▶ [Work request] Give back exactly the lines from the start of the entries below to the line holding "Outdoor Wifi Smart", that line included, and leave every picture out.
*** Opening Entries shown ***
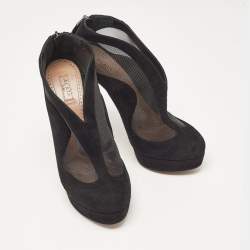 Alaia Black Mesh and Suede Accent Booties Size 38.5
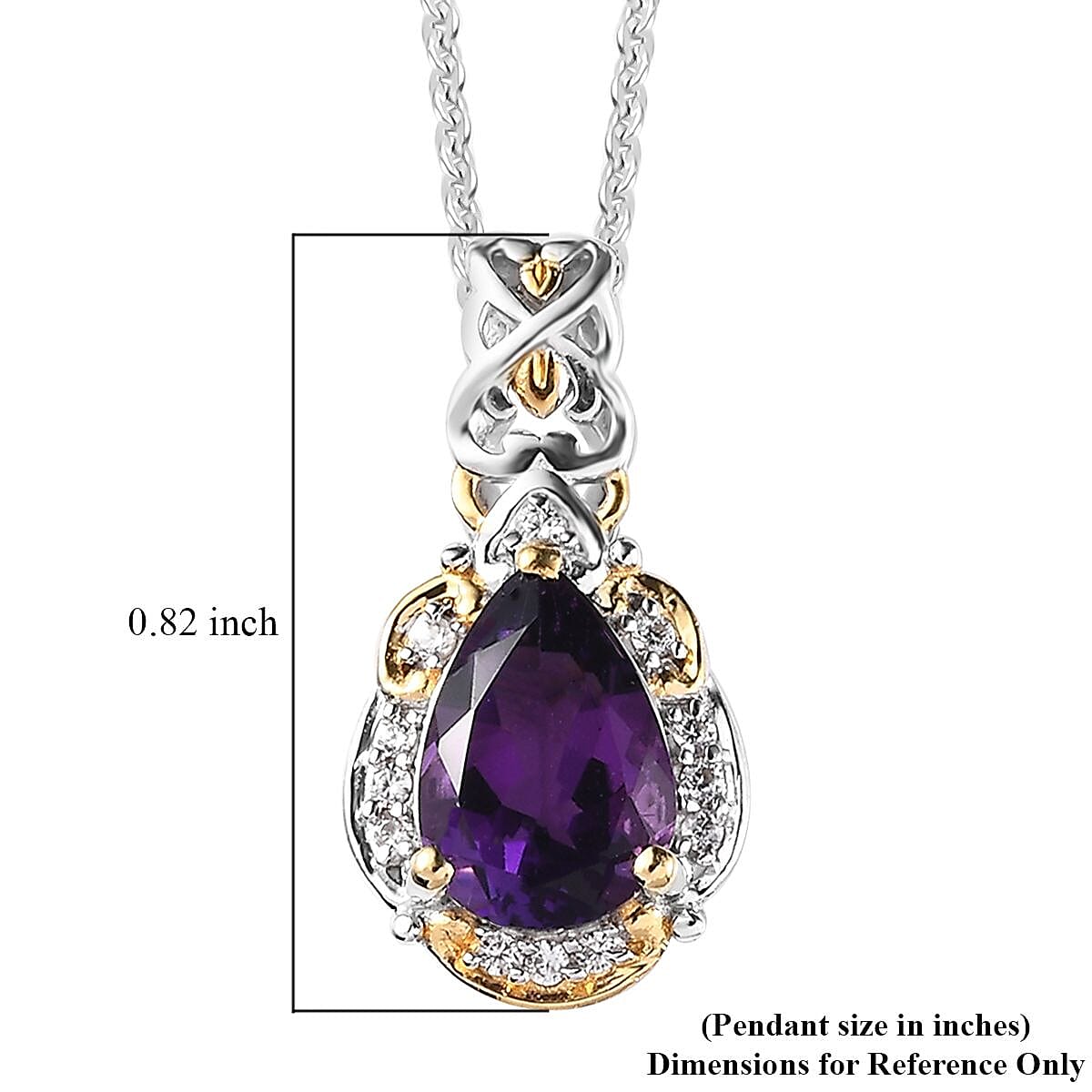 Premium Mashamba Amethyst and White Zircon Pendant Necklace 20 Inches in Vermeil YG and Platinum Over Sterling Silver 1.85 ctw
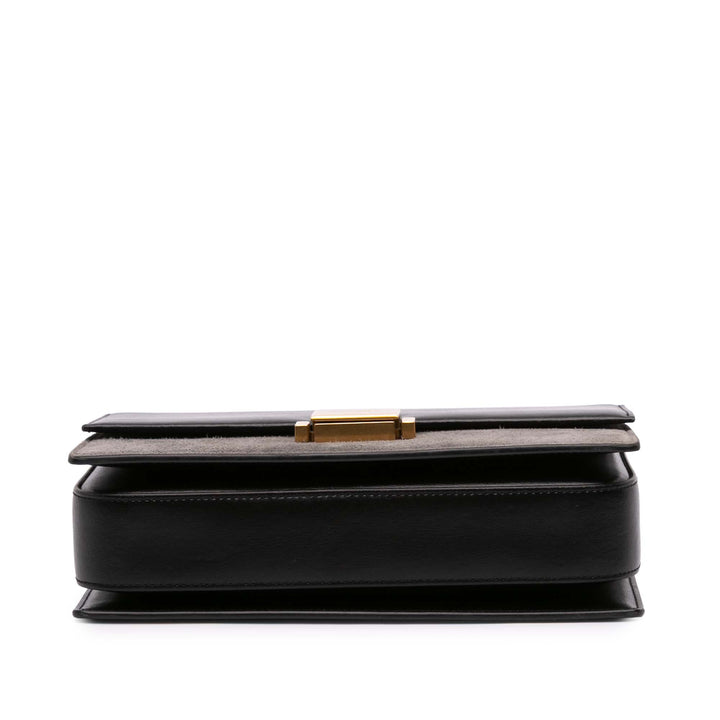 Medium Calfskin and Suede Bellechasse Bag Black - Gaby Paris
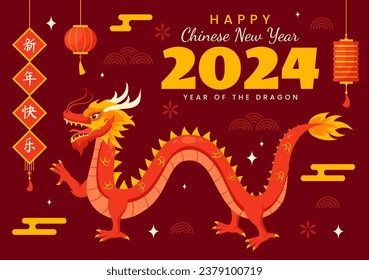 Happy Chinese New Year 2024 Vector Illustration. Translation : Year of the Dragon. with Flower, Lantern, Dragons and China Elements on Background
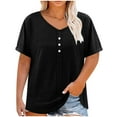 thumbnail image 2 of BSDJILFG Plus Size Pajama Tops for Women,Summer Casual Loose Fit Button Up Pullover Blouse ,Sizes L-5XL, 2 of 9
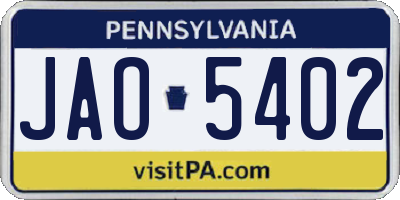 PA license plate JAO5402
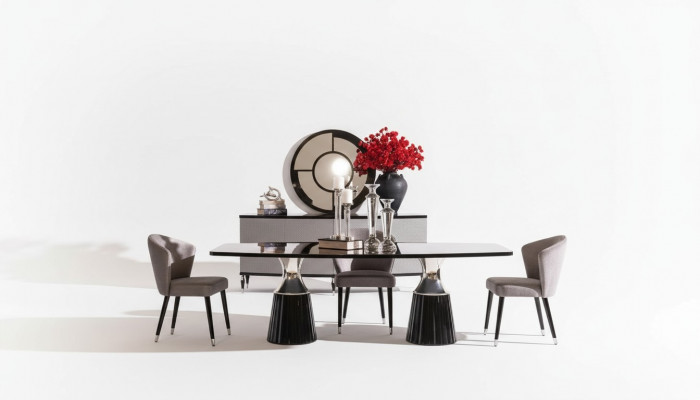 Luxe eetkamerset eethoek eettafel stoelen zwart 9-delig eetkamer hout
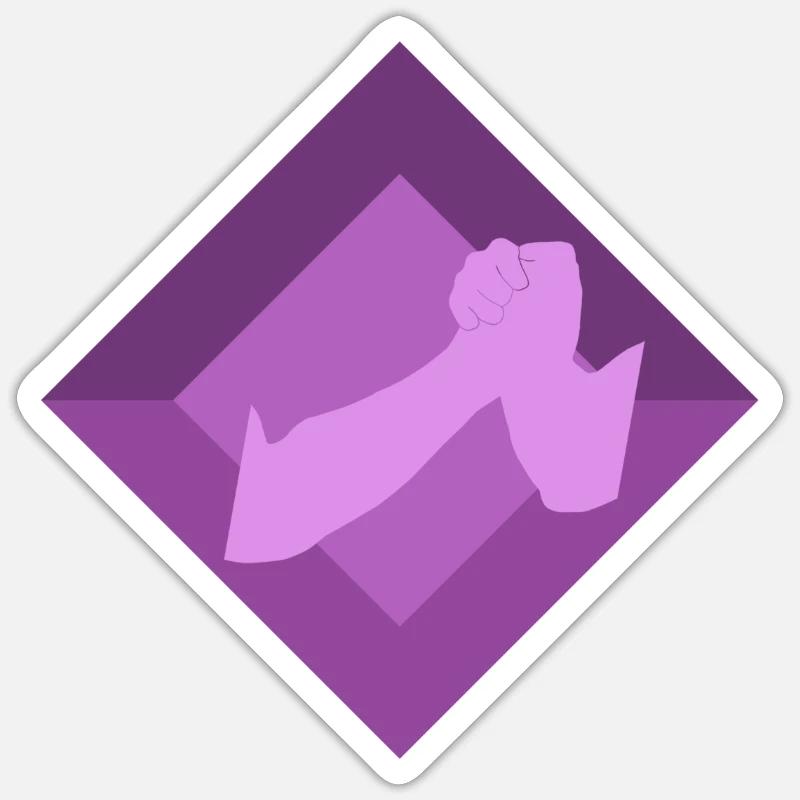 Bras de fer, Développé couché, Bras de fer - Sticker taille S (10 x 10 cm) - blanc mat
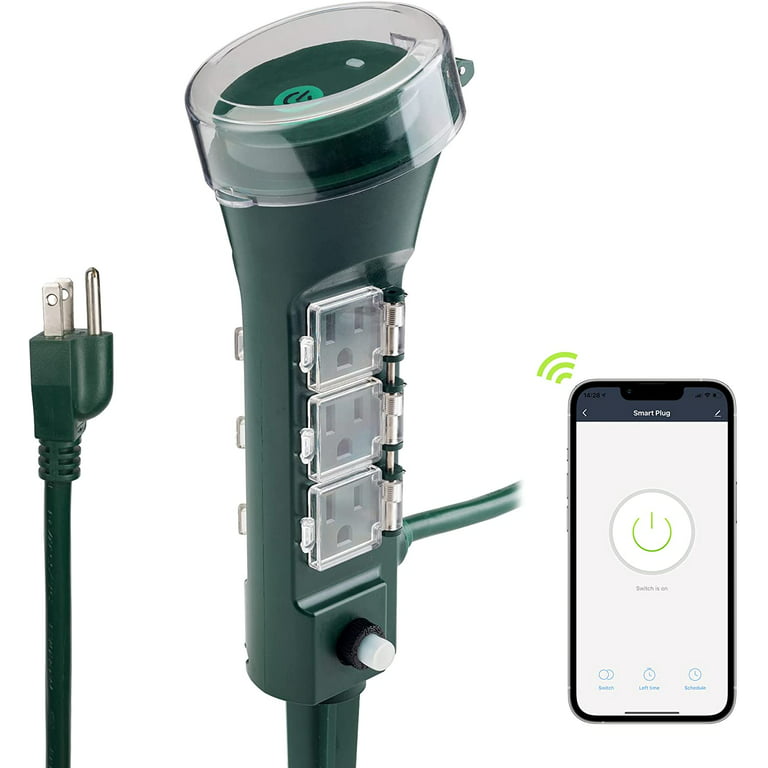 Outdoor Wifi Smart Plug IP44 Waterproof Outlet Tuya Smart Garden Water Timer  Socket Remote Control Wifi Works with Alexa Google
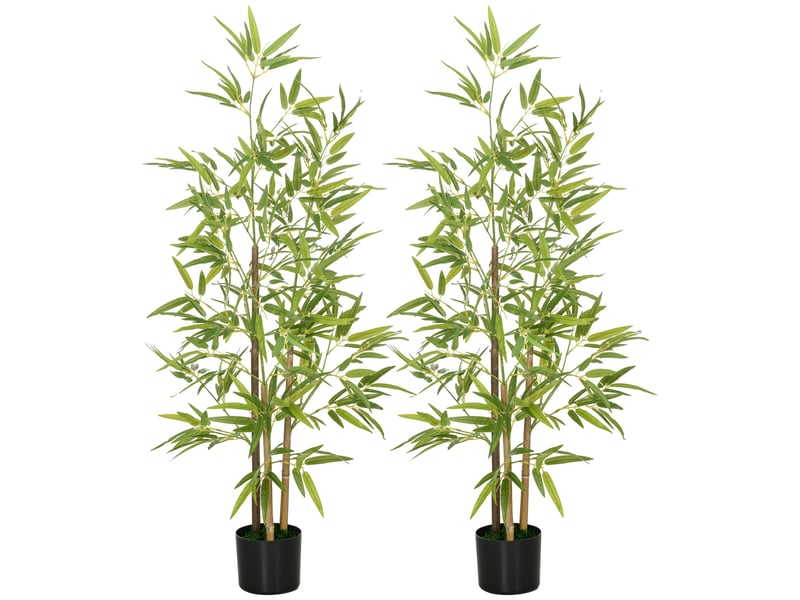  Arbre artificiel en bambou, lot de 2, 3 troncs, facile d'entretien, 120 cm, pot en ciment, vert  - Conforama A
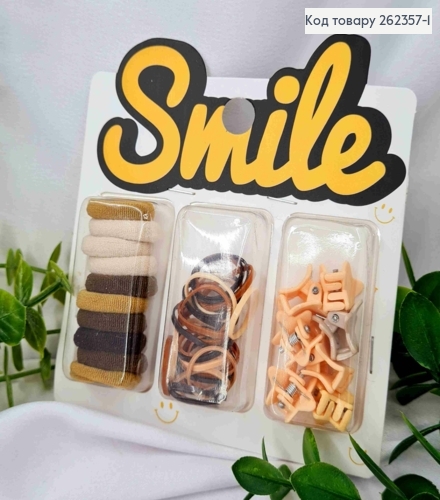 Набір дитячих : резинки Мікрофібра/ Силіконові +  Крабіки "Зірка", Пастельних кольорів 262357-1 фото 1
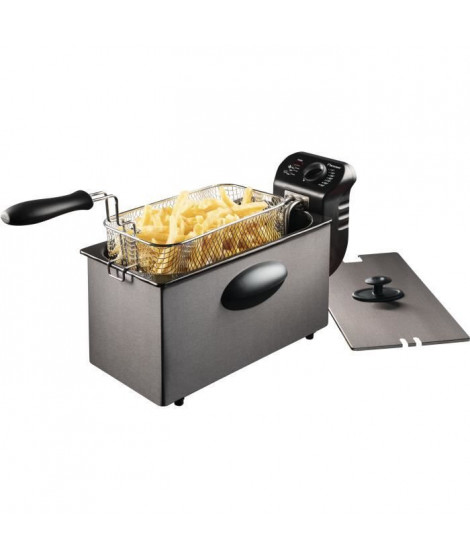 Bestron Friteuse a huile avec technologie zone froide, 3,5 litres, Avec régulateur de température, 2000 Watts, Couleur: anthr…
*** Closing Entries shown ***
▶ [Answer to this exercise]
 Alaia Black Mesh and Suede Accent Booties Size 38.5
 Premium Mashamba Amethyst and White Zircon Pendant Necklace 20 Inches in Vermeil YG and Platinum Over Sterling Silver 1.85 ctw
 Medium Calfskin and Suede Bellechasse Bag Black - Gaby Paris
 Happy Chinese New Year 2024 Vector Illustration. Translation : Year of the Dragon. with Flower, Lantern, Dragons and China Elements on Background
 thumbnail image 2 of BSDJILFG Plus Size Pajama Tops for Women,Summer Casual Loose Fit Button Up Pullover Blouse ,Sizes L-5XL, 2 of 9
 PA license plate JAO5402
 Luxe eetkamerset eethoek eettafel stoelen zwart 9-delig eetkamer hout
 Bras de fer, Développé couché, Bras de fer - Sticker taille S (10 x 10 cm) - blanc mat
 Outdoor Wifi Smart Plug IP44 Waterproof Outlet Tuya Smart Garden Water Timer  Socket Remote Control Wifi Works with Alexa Google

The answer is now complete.